Jenis-Jenis Penyakit Lupus

Lupus dapat dibedakan menjadi beberapa jenis:
  • Neonatal Lupus dan Drug-induced Lupus

    Yang pertama adalah neonatal lupus. Jenis lupus yang satu ini jarang terjadi, tetapi dapat terjadi, khususnya pada ibu hamil. Ibu hamil juga dapat menurunkan penyakit tersebut pada anak mereka setelah melahirkan. Bayi yang terkena penyakit lupus umumnya akan terlihat gejala ruam kulit dan anemia.

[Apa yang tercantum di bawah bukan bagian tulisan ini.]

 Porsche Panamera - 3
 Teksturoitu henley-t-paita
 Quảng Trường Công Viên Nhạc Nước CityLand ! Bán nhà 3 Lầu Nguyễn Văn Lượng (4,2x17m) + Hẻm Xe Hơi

    Kondisi ini dapat sembuh lalu hilang sendirinya untuk jangka waktu beberapa minggu. Yang kedua adalah drug-induced lupus. Penyakit lupus jenis ini juga jarang muncul, sesuai nama penyakitnya, jenis yang satu ini umumnya terjadi karena faktor penggunaan obat untuk jangka panjang.
  • Cutacenous Lupus

    Jenis yang ketiga yaitu cutacenous lupus. Lupus ini merupakan diskoid. Yang paling sering serta dikenali dari tanda-tanda tebal, kemerahan, kulit leher yang ruam bersisik, juga di kulit kepala dan wajah pasien cutacenous lupus. Kondisi ini dapat berlangsung hingga beberapa hari lamanya, tetapi ada juga kasus yang bertahan sampai dengan bertahun-tahun. Sesudahnya lupus jenis ini dapat menghilang sendirinya, namun meninggalkan bekas di ruam. Masih ada lagi beberapa jenis penyakit lupus yang perlu untuk Anda ketahui.
  • Lupus Sistemik

    Jenis yang keempat adalah penyakit lupus sistemik. Ini merupakan type lupus yang paling umum terjadi serta bisa mempengaruhi keseluruhan bagian tubuh penderitanya, tidak hanya bagian kulit wajah saja. Gejala yang ditimbulkan hampir sama dengan gejala jenis lupus yang lainnya. Gejala penyakit lupus sistemik ini dapat bersifat ringan hingga berat – Dapat datang begitu saja, contoh gejalanya yaitu nyeri sendi, demam, ruam kemerahan dan rambut rontok. Ruam kemerahan pada lupus sistemik ini dapat terjadi jika terkena paparan sinar matahari.
  • Lupus pada Anak-Anak

    Lupus sistemik dapat menyerang anak kecil, karena itu disebut juga dengan lupus anak-anak. Walaupun gejala dari jenis lupus yang satu ini hampir sama dengan gejala lupus sistemik, tetapi kebanyakan penderita penyakit lupus anak-anak adalah anak dengan gender laki-laki, serta akan mempengaruhi kesehatan organ ginjal juga.

Pengobatan Penyakit Lupus

Pengobatan penyakit lupus adalah dengan cara menggunakan obat anti-inflamasi. Hingga sekarang masih belum ada obat anti lupus yang khusus, masih belum ditemukan. Karena lupus merupakan jenis penyakit autoimun, maka dokter biasanya akan menyiapkan rencana perawatan individu maupun terapi.
Pemilihan rencana perawatan maupun terapi tersebut akan disesuaikan lagi dengan kondisi pasien, berdasarkan usia, jenis kelamin, serta gejala yang dirasakan oleh pasien lupus tersebut. Obat anti-inflamasi yang diberikan oleh dokter digunakan dengan tujuan untuk meringankan radang ruam kulit yang muncul. Itulah beberapa alternatif pengobatan penyakit lupus. Namun Anda tak perlu pusing, karena Anda dapat menyerahkan hal ini kepada dokter dan ikuti anjuran dokter.